デジタル化が進む前にあった「中国企業の経営課題」
中国デジタル化の進化プロセスを俯瞰的にとらえて、「権威主義的なマネジメント」と「プラットフォーム志向」がどのようなインパクトを及ぼしているのか分析する。
伝統的な流通業、製造業、金融業が産業の中心であった時代においては、「権威主義的なマネジメント」は工場やサービス拠点の「現場力」が育たないことの要因に、「プラットフォーム志向」はオリジナルな製品を開発して品質を高めていく姿勢が弱いことの要因となり、中国製造業に「弱さ」をもたらしていた。流通業、金融業においても、低い効率とサービスレベルに加えて、実体経済のニーズに対応できないことが課題となっていた。
以下、2000年代から中国デジタル化が進む中で、中国企業の経営がどのように変化したのか見ていきたい。
2000年代:「プラットフォーム志向」の企業が台頭
中国企業人の「プラットフォーム志向」が事業としてブレイクスルーしたのが、2000年代からのBAT(百度、アリババ集団(アリババ)、騰訊(テンセント))のプラットフォームビジネスだった。
アリババは「電子商取引(EC)」、テンセントは「コミュニケーション」、百度は「検索」という業務領域にプラットフォームを構築し、中国の経済成長の中で次第に豊かになる消費者を「集客」して規模を確保した。
中国社会の困りごと(ペインポイント)にフォーカスを当てて、インターネット技術を活用してペインポイントを解決することで、消費者の支持を得て急速に成長した。
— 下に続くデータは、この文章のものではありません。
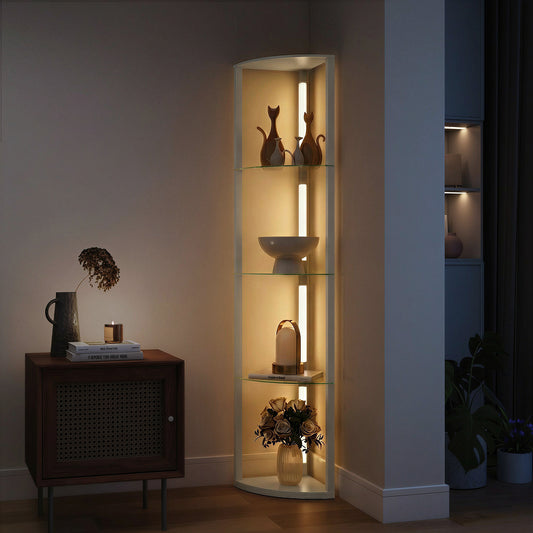 LED Floor Lamp with 5 Shelves | 3 Brightness Levels | Foot Switch | 20W 3000K | Frosted Glass Tiers | 162cm | Grey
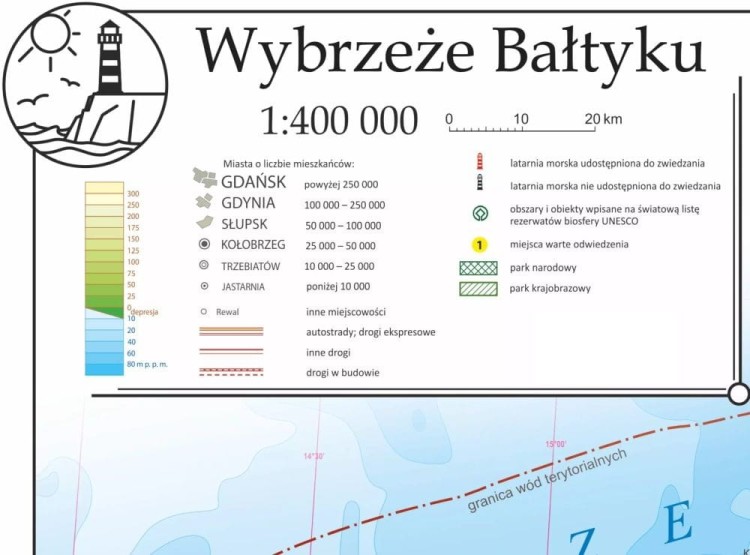 Wybrzeże Bałtyku 1:400 000. Arkusz, mapa ścienna turystyczna. Legenda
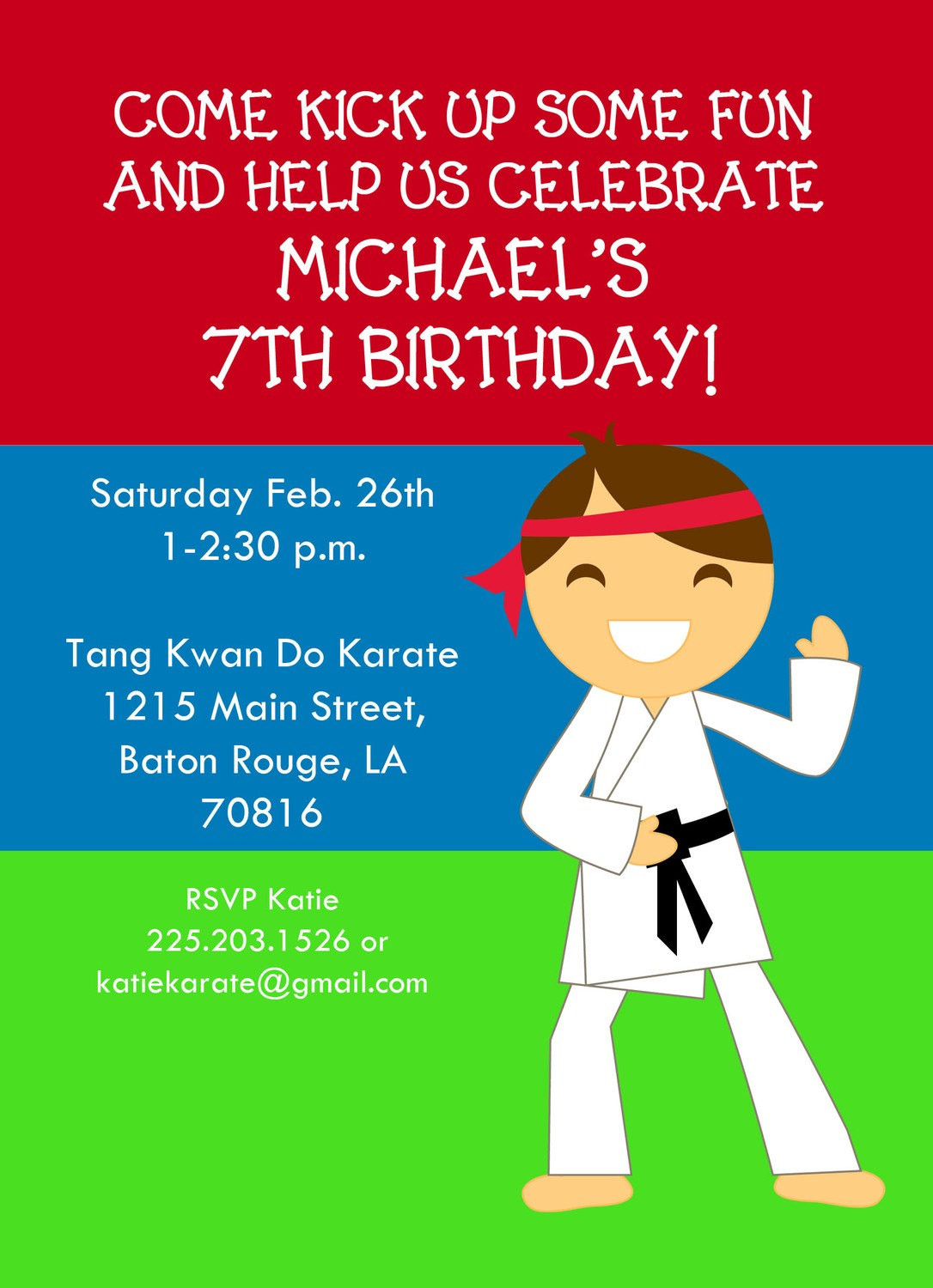 Karate Birthday Invitations
 Karate Party Birthday Invitation Printable Invitation Design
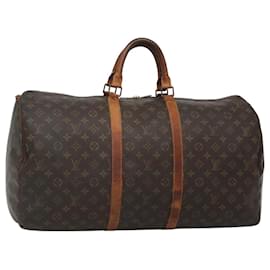 Louis Vuitton-LOUIS VUITTON Monogram Keepall 55 Boston Bag M41424 LV Auth BD1436-Monogram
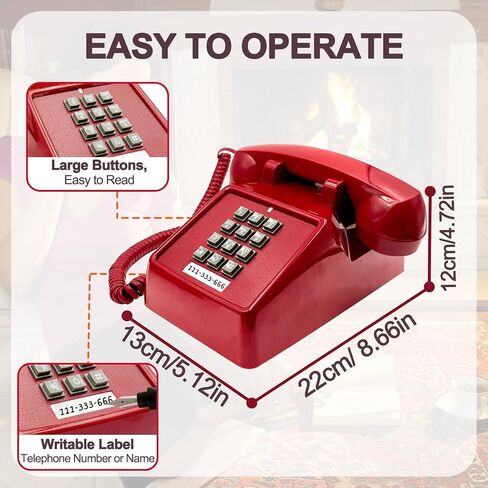 Vintage Retro Landline Phone, Old Telephone with Mechanical Ringer Receiver Volume Adjustable Retro Analog Desk Phone Classic Design for Home, School (Red) in Saudi Arabia
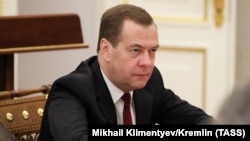 RUSSIA - MOSCOW, DECEMBER 28, 2018: RussiaN Prime Minister Dmitry Medvedev during a meeting of the Russian Security Council at Moscow's Kremlin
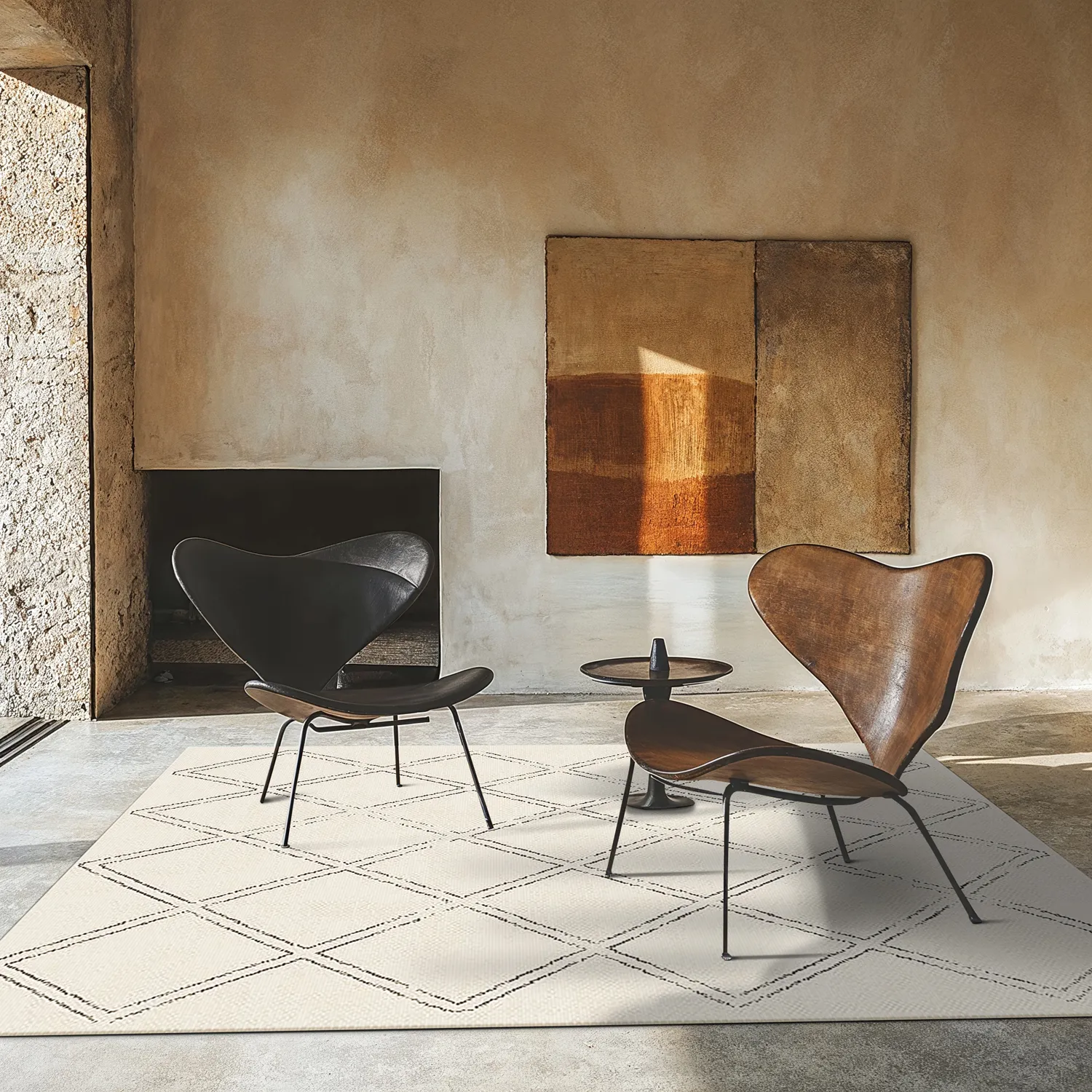 Indoor/Outdoor rug - Brussels Diamond (white)
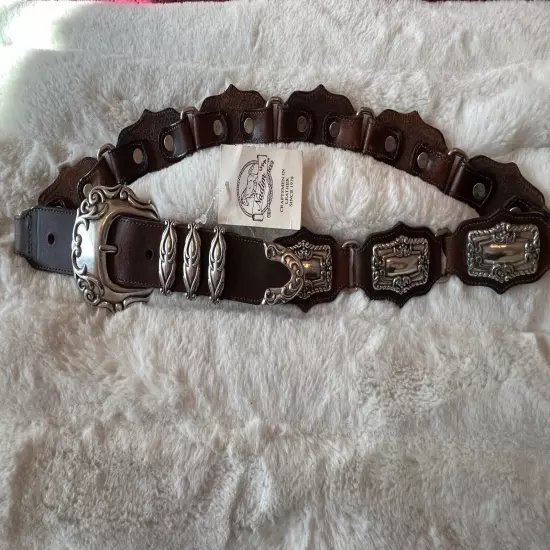 *NWT* Vtg 1997 Nadin USA, Western Leather Belt, Brown with silver accents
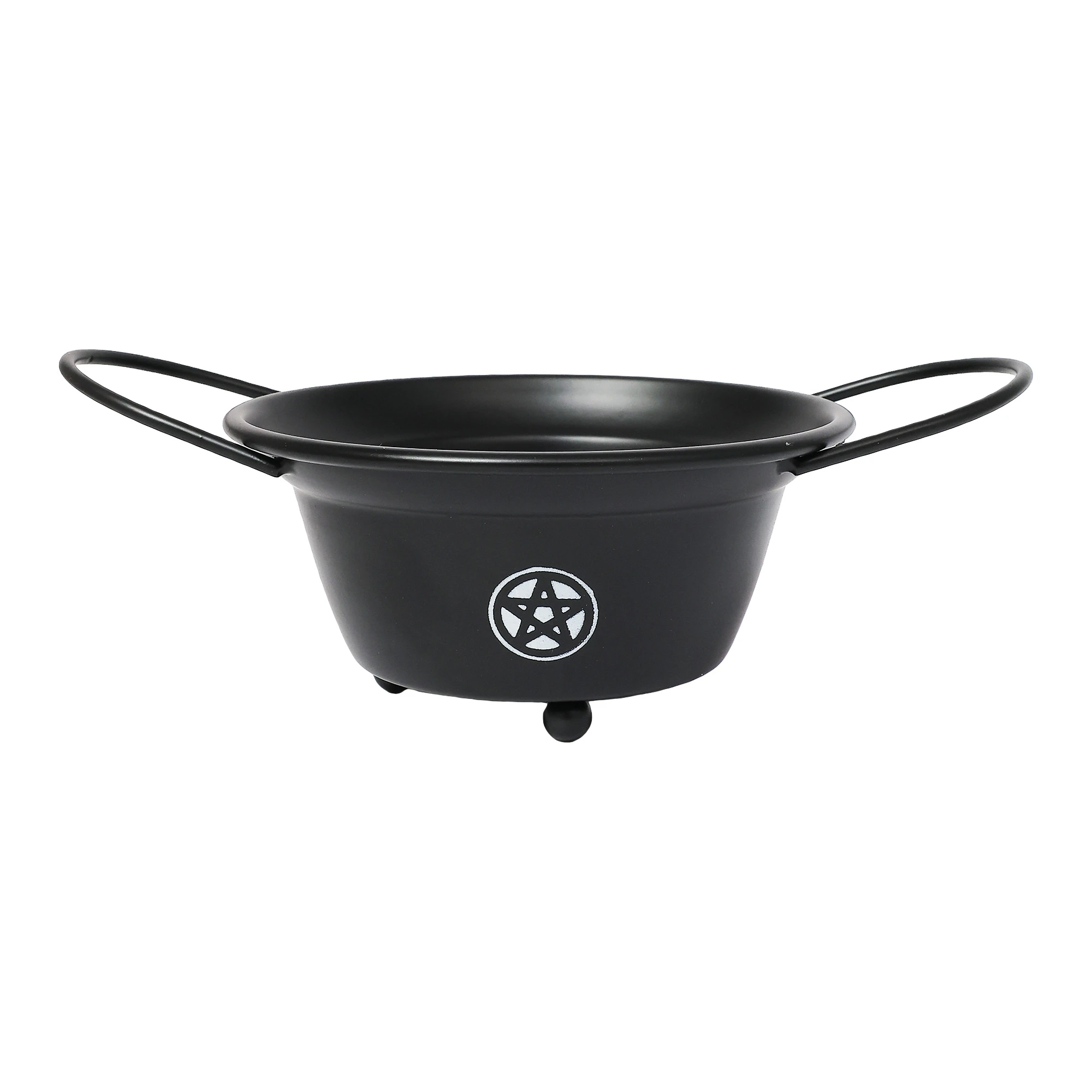 Metal Cauldron w/ handles Black Pentagram 8"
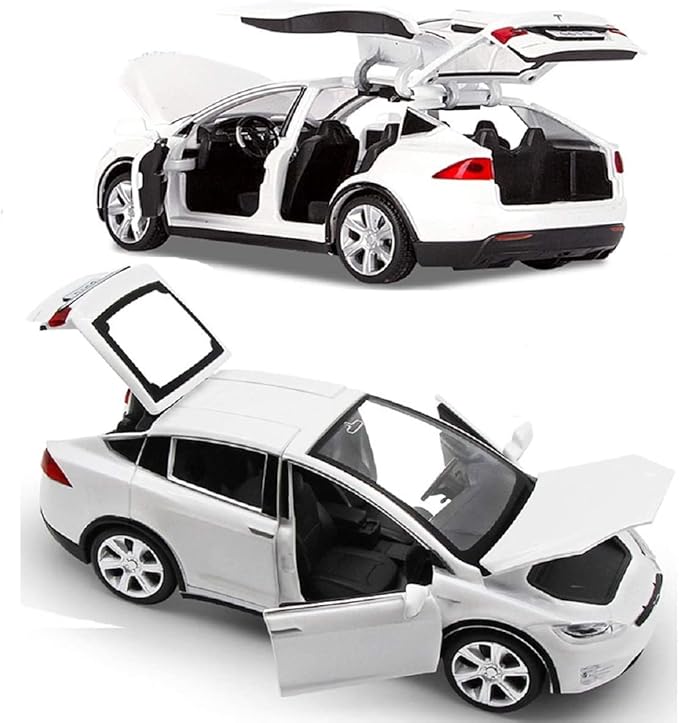 Toy Car Model X, Pull Back Car Toys Alloy Vehicles with Lights and Sound 1:32 Scale Model Car (White)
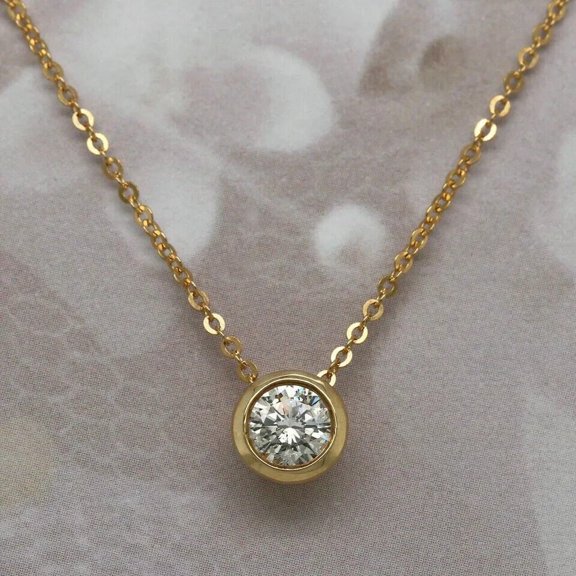 Diastar Jewels 14K Yellow Gold Finish Cubic Zirconia Round Cut Solitaire Pendant Necklaces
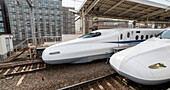 japan; train; shinkansen; bullet train; fast train; travel; railway; transportation;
例えば、ECの課題であった「安心な決済」という困りごとを解決する目的でアリババが2004年にサービスを始めた「支付宝(アリペイ)」は、中国のネットビジネスを大きく変えた。
同社はアリペイの支払い機能を通じて顧客をロックインし、そこから生まれたデータに基づき独自の「信用体系」を構築することで経済取引を活性化した。さらに、ビジネス機会に恵まれなかった中小企業にネット取引というインフラを提供して成長の糧をもたらした。
「デジタル中国」の急成長を支えたのは、トップダウンの意思決定
デジタル中国の急成長の要因として、インターネットと「権威主義的なマネジメント」、「プラットフォーム志向」との「相性」の良さを見逃せない。
プラットフォーム企業が顧客やパートナー企業の規模を確保して「ネットワーク効果」を働かせるためには、タイミングを見定めた大胆な投資判断と実行スピードが重要だが、BATは、「権威主義的なマネジメント」の特徴であるトップダウンの意思決定によってスピードを確保した。
強いリーダーシップのもとで、リソース(人材、最新技術、資金、リレーション)をフルに動員して、クリティカルマス(critical mass)(注1)を超えるまでの競争に生き残ることができたのだ。
また、米国でGAFAを中心に開発されたプラットフォームビジネスを模倣しながら、もともと備わっていた「プラットフォーム志向」を発揮して、中国の事情に適合したビジネスモデルを開発し、実験的なアプローチで社会実装を進めた(注2)。
プラットフォーマーのビジネス展開によって既存産業に影響が生じたが、経営トップが自社のサービスが公益に資するというナラティブ(物語)を語ることで、消費者、規制当局からの支持を得ながらプラットフォームを進化させていった。
(注1) ある商品やサービスが、爆発的に普及するために最小限必要とされる市場普及率。商品やサービスの普及率が一気に跳ね上がる分岐点となる。
(注2)中国テック企業が米国などのビジネスモデルを模倣しながら好循環が働くビジネスモデルを構築していった過程。